Amazon EMR
Managed Spark, Hadoop, and big data processing
EMR / EMR Serverless (Spark/Hadoop scale-out)
Mental model
- EMR = you run big data engines (Spark/Flink/Presto/Hadoop) on managed clusters (EC2).
- EMR Serverless = “run Spark jobs without managing clusters” (still Spark semantics).
What it’s used for in ML/GenAI
- Large-scale batch: embeddings backfills, dedupe, joins, feature generation.
- Transforming massive telemetry/clickstreams into curated datasets.
- Heavy compute workloads that outgrow Glue’s ergonomics or need custom environments.

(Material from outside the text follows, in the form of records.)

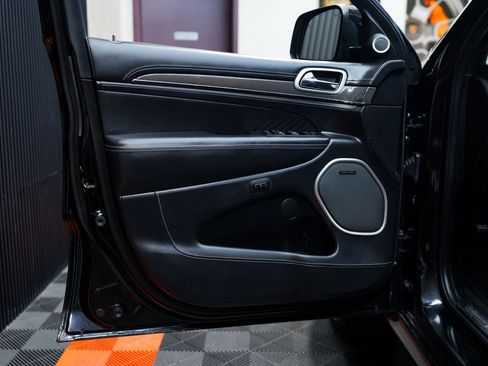 Used 2018 Jeep Grand Cherokee Trackhawk AWD/4WD image 22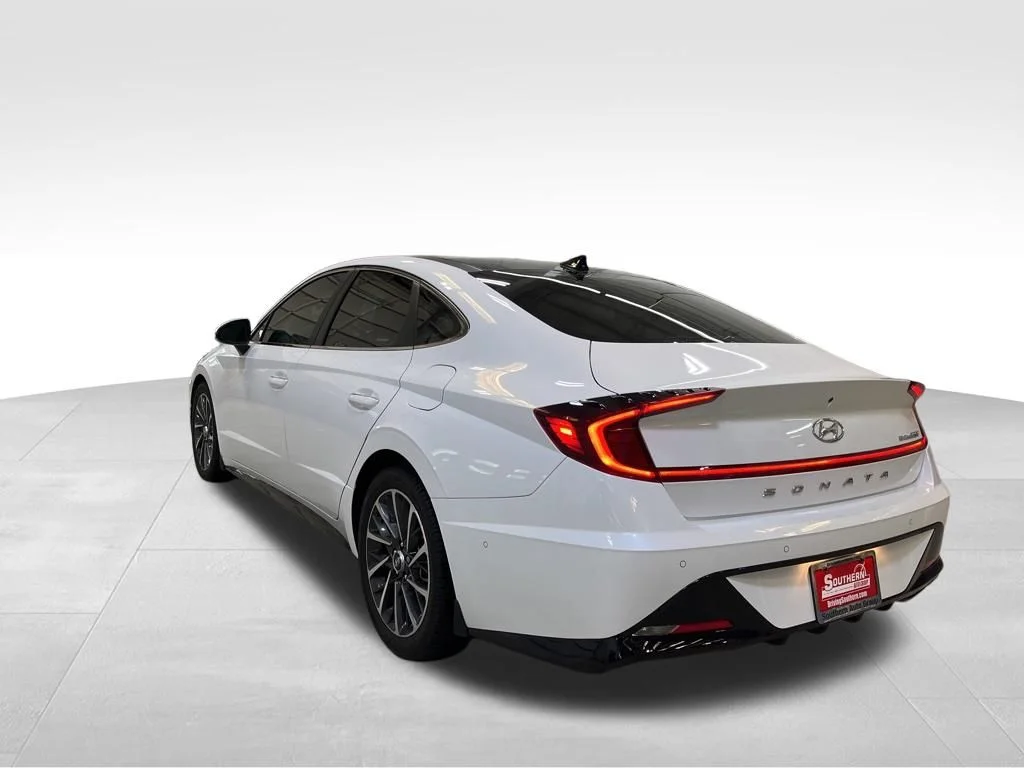 Used 2020 Gray Hyundai Limited image 3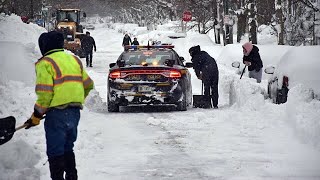 Schneeturm in den USA fordert 60 Tote [upl. by Siegel]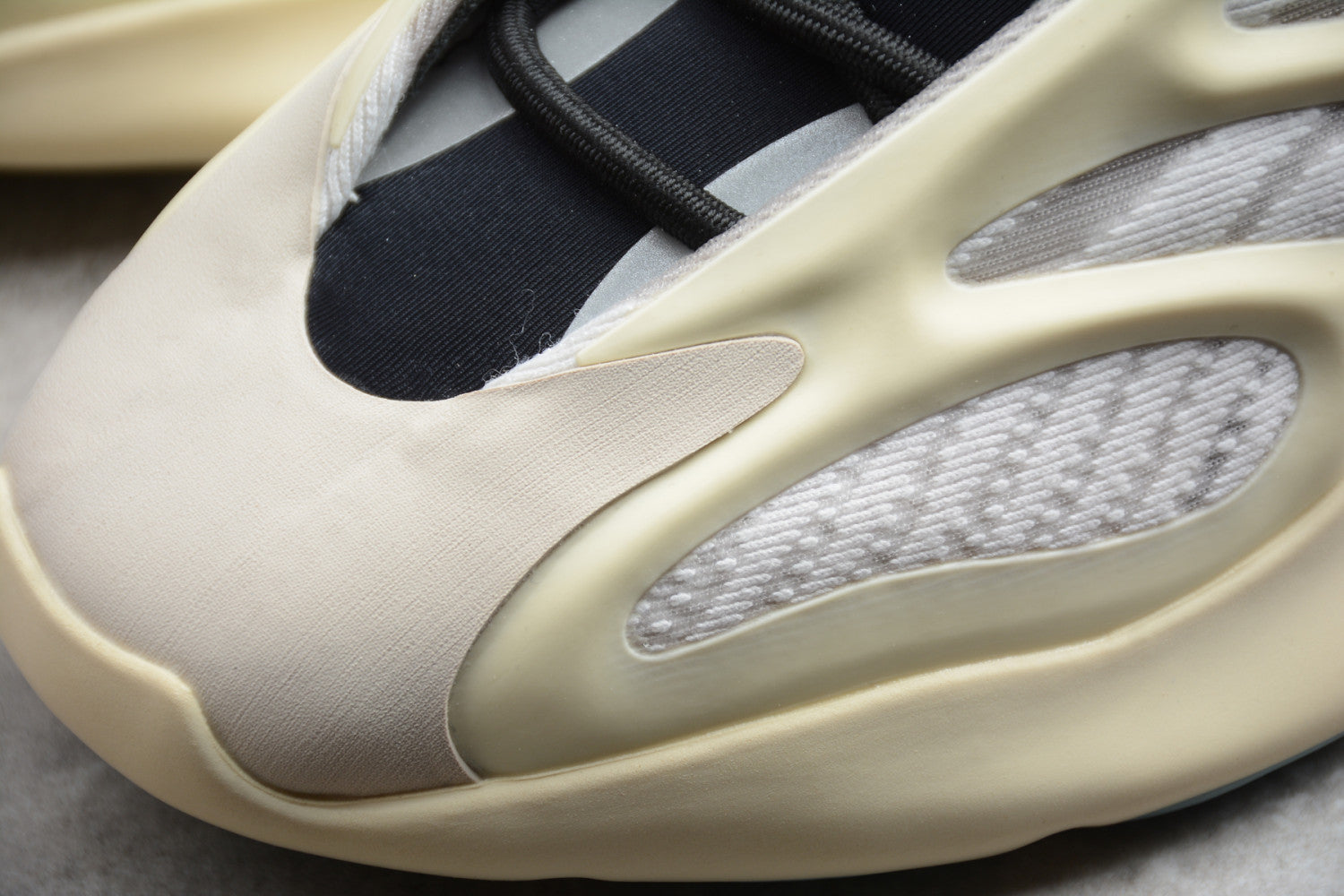 Yeezy Boost 700V3 Azael Black White FW4980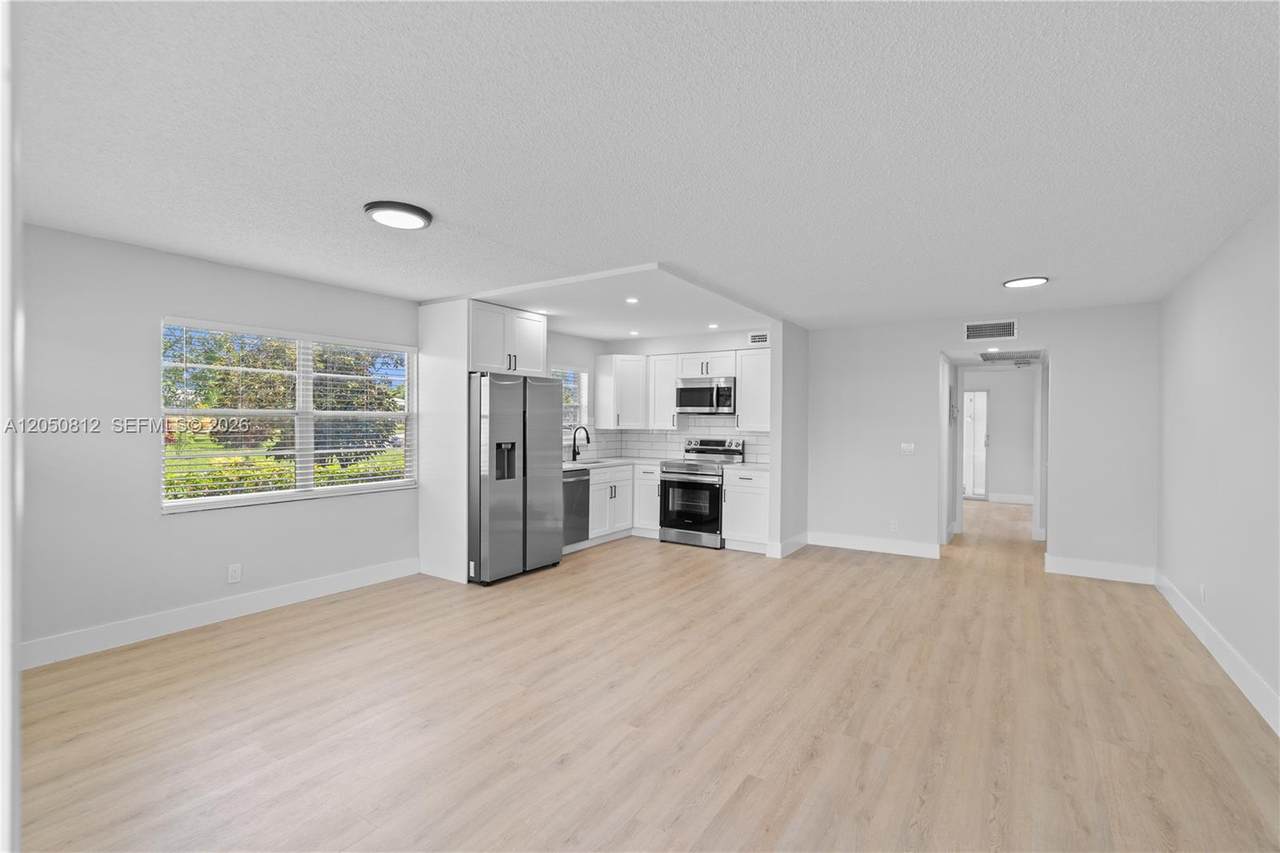 213 Oakridge N - Photo 1
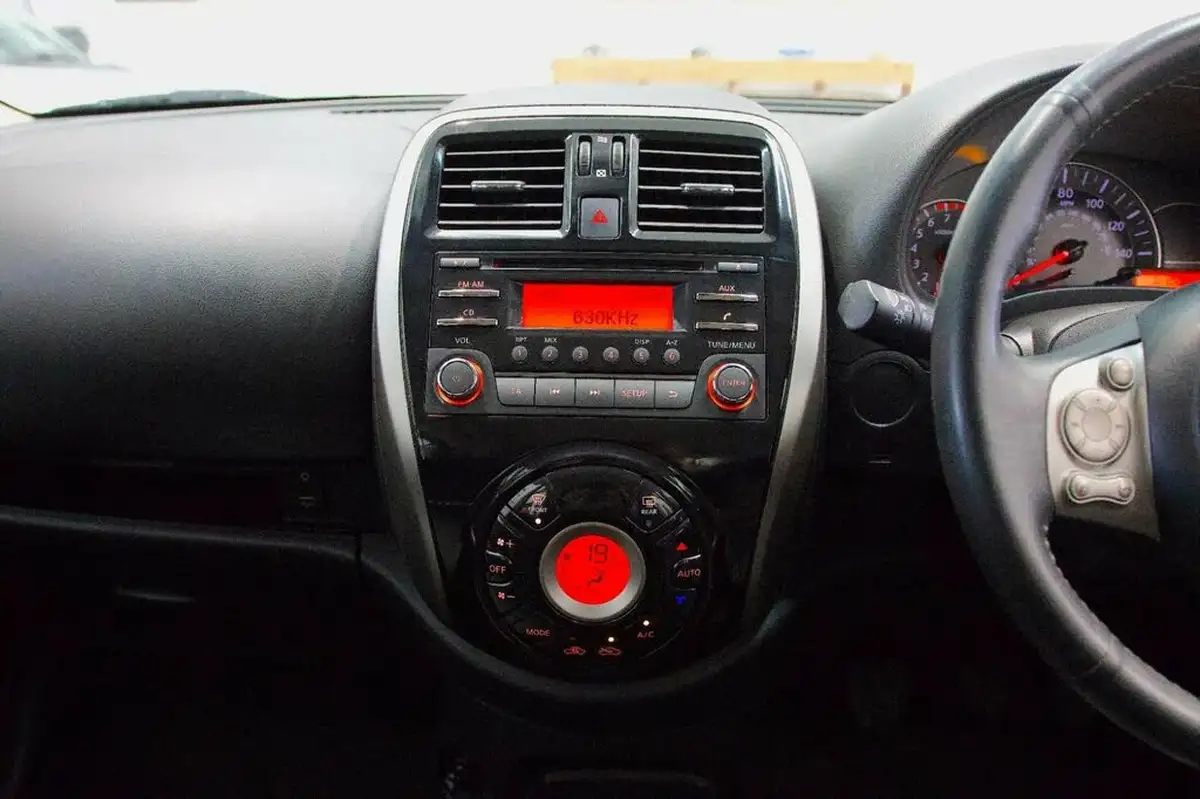 2015-nissan-micra-12-acenta-80ps-big-19
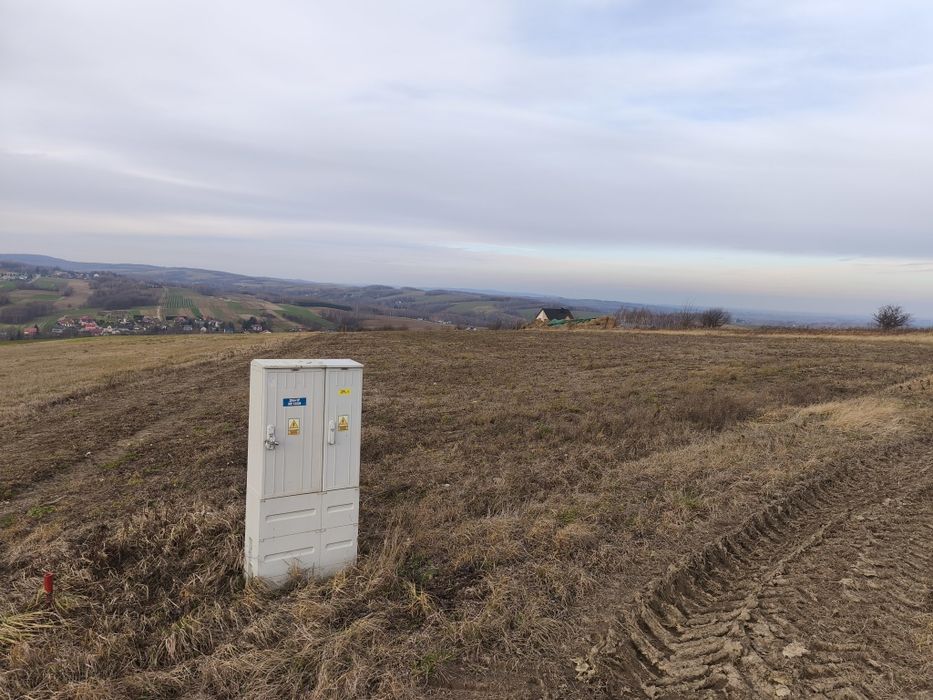 Sprzedam Trzy Działki Budowlane.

Knobs that matter (EMR on EC2)
- Instance fleets / groups: mix on-demand + spot for cost.
- Autoscaling: core/task node scaling policies.
- EBS + shuffle: storage and IO tuning can dominate performance.
- Bootstrap actions: install native libs, python deps; prefer reproducible AMIs when stable.
- Managed scaling: reduces manual tuning; still validate for bursty loads.
Knobs that matter (EMR Serverless)
- Initial/min/max capacity: controls cost guardrails.
- Job concurrency: avoid stampedes.
- Runtime environment: keep dependencies pinned and reproducible.
Pricing mental model
- EMR on EC2: (EC2 + EBS + network) + an EMR surcharge; biggest lever is Spot + right-sizing.
- EMR Serverless: cost tracks resources used × time (good for spiky batch), but set min/max to prevent runaway.
Heuristics: Glue vs EMR vs EMR Serverless
- Glue: easiest managed Spark for common ETL; great default for lake transforms.
- EMR Serverless: Spark with fewer ops when workloads are bursty and you want quicker “submit job and go.”
- EMR on EC2: when you need maximum control, custom tuning, huge steady pipelines, or best cost at scale via Spot + optimized clusters.
Terraform template (EMR cluster skeleton)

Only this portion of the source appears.